Por outro lado, há cinco casos em que atividades religiosas são o foco principal, com a suposição ou o argumento de que se tratam elas mesmas de atividades culturais. Por exemplo: a “capacitação” assumida por um terreiro:

(...) se dá por meio principalmente da vivência dos “filhos de santo” com os elementos da cultura das religiões de matriz africana onde são desenvolvidas as oficinas, aulas, e encontros com os grupos da rede sendo a principal forma da continuidade da cultura e única maneira que os rituais efetivamente sejam realizados. (Brasil, 2018:1)

Deve-se notar que há vários registros de grupos com referências africanas que não incluem atividades religiosas. Esses registros não foram computados e mostram que cultura e religião nem sempre andam juntas. Ao mesmo tempo, há também casos de grupos dedicados prioritariamente a atividades não, ao menos estrita ou necessariamente, religiosas (capoeira e afoxé) e que mencionam dimensões religiosas. Tem-se o exemplo de um ponto de cultura que mantém um afoxé e um telecentro, entre outros projetos, e leva a palavra “orixá” em seu nome.

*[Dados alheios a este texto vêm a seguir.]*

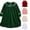 Green, variant on Baby Girls Nightgown Princess Pajamas Long Sleeve Bathrobe Velvet Sleep Dress For Kids Babys Clothes Night Gowns Pjs Loungewear White 9-12 Months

Como ponto mais geral, pode-se afirmar que o envolvimento de instituições religiosas na proposição de projetos no âmbito do Programa Cultura Viva é acompanhado, nos termos de Yúdice (2006), por uma “ong-ização”. No caso das instituições afrorreligiosas, podemos ainda levantar a hipótese, inspirada na discussão que realiza o mesmo autor sobre as formas de identificação cultural, de uma performatividade subversiva – ou seja, a cultura surgindo como modo de promoção de atividades e vivências que não são facilmente dissemináveis.

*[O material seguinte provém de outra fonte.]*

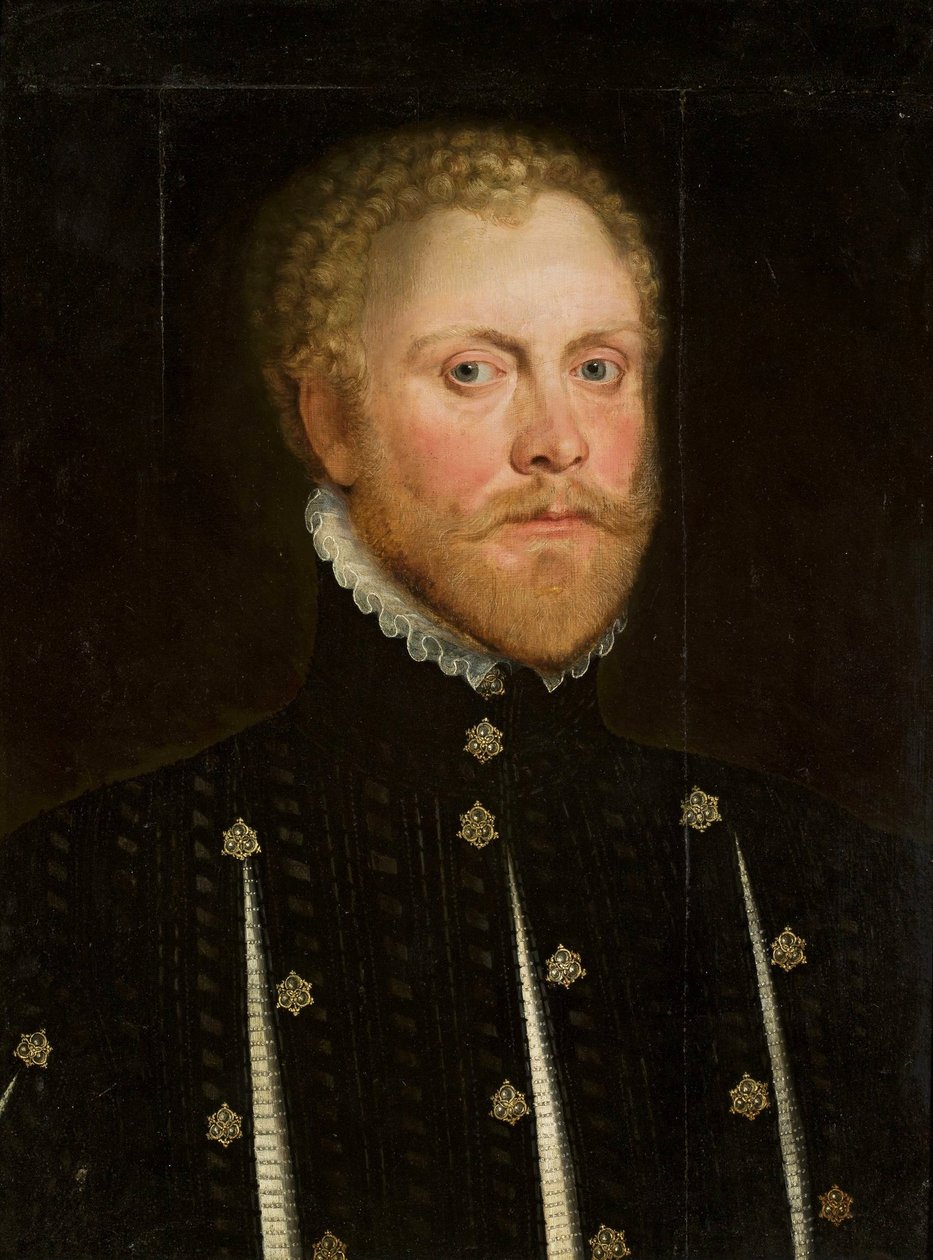 Portrait of John of Pernstein by Martino Rota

Em suma, com base na variedade de casos expostos na lista de Pontos de Cultura, da qual a Assobecaty faz parte, constata-se a facilidade com que religião e cultura se articulam e até mesmo se equivalem. Embora nem sempre projetos envolvendo referências africanas incluam a religião, os registros com referências afrorreligiosas apontam um outro cenário: a religião demonstra várias razões para se desdobrar, abranger ou mesmo se confundir com cultura. A esse título, vale mencionar um último exemplo. Uma associação presidida por um pai-de-santo declara seu compromisso com a luta pela igualdade racial e anuncia:

Nossa Associação vem divulgando a nossa Cultura Afro-Brasileira no tocante às religiões de Matrizes Africana e Brasileira, desenvolvendo atividades Culturais e Sociais (...) para dar visibilidade a essa Cultura Ancestral. Uma outra versão da mesma capacidade de articular e sobrepor dimensões é a própria apresentação da Assobecaty na mesma planilha: “Um ponto de cultura que enfatiza religiosidade, música, teatro, dança, cinema, fotografia, exposições, vídeo, inclusão digital”. (Brasil, 2018:1)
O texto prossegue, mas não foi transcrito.